What is the difference between a bank and an NBFC?

Banks and NBFCs differ in their regulatory structures. Banks, regulated by central banks like the RBI, offer a wide range of financial services and can create money. NBFCs, regulated by the RBI but not authorised to create money, provide specific financial services like loans and investments but cannot accept demand deposits like traditional banks.

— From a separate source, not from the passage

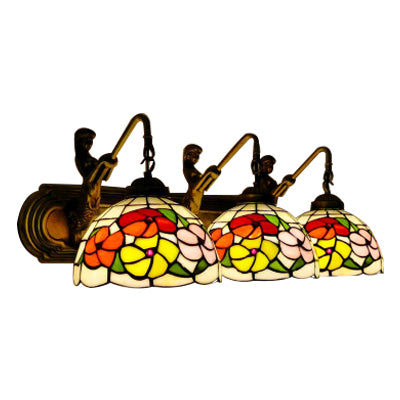 Stained Glass Bowl Sconce Light Fixture Victorian 3 Heads Brass Wall Mounted Light for Living Room Clearhalo 'Industrial' 'Middle century wall lights' 'Tiffany wall lights' 'Tiffany' 'Wall Lamps & Sconces' 'Wall Lights' Lighting' 101599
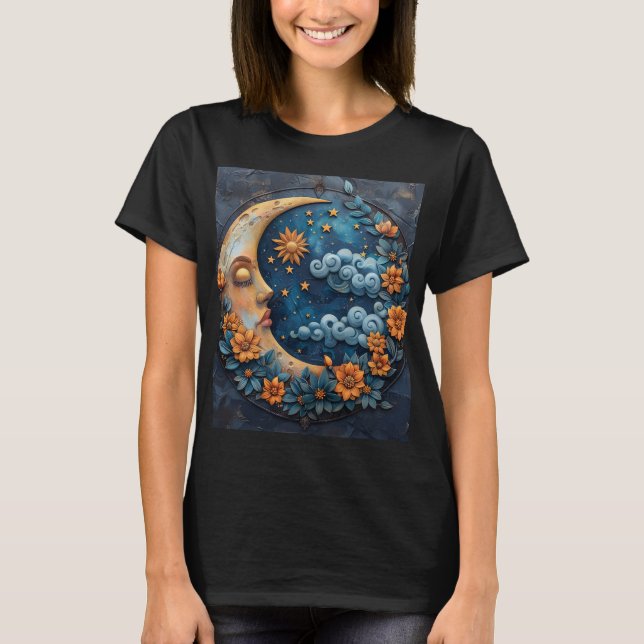 Måne och blommig design grafisk t-shirt (Framsida)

Are NBFCs governed by the RBI?

Yes, non-banking financial companies (NBFCs) in India are regulated and governed by the Reserve Bank of India (RBI). The RBI issues guidelines, sets regulations, and monitors the operations of NBFCs to ensure financial stability, protect consumers, and maintain the integrity of the financial system.

Who finances the NBFC?

NBFCs obtain finances from various sources, including:

  1. Borrowings: bank loans, debentures, and commercial paper.
  2. Equity Capital: issuing shares to raise capital.
  3. Reserves and surpluses: accumulated profits.
  4. Inter-Corporate Deposits: Borrowings from other corporate entities.
  5. Securitization: converting illiquid assets into marketable securities.
  6. Financial Institutions: Loans from other financial entities.
What type of NBFC is Bajaj Finserv?

Bajaj Finserv is a deposit-taking non-banking financial company (NBFC) in India. It operates in various financial sectors, including lending, insurance, wealth management, and more. As a diversified NBFC, Bajaj Finserv provides a wide range of financial products and services to cater to diverse consumer needs.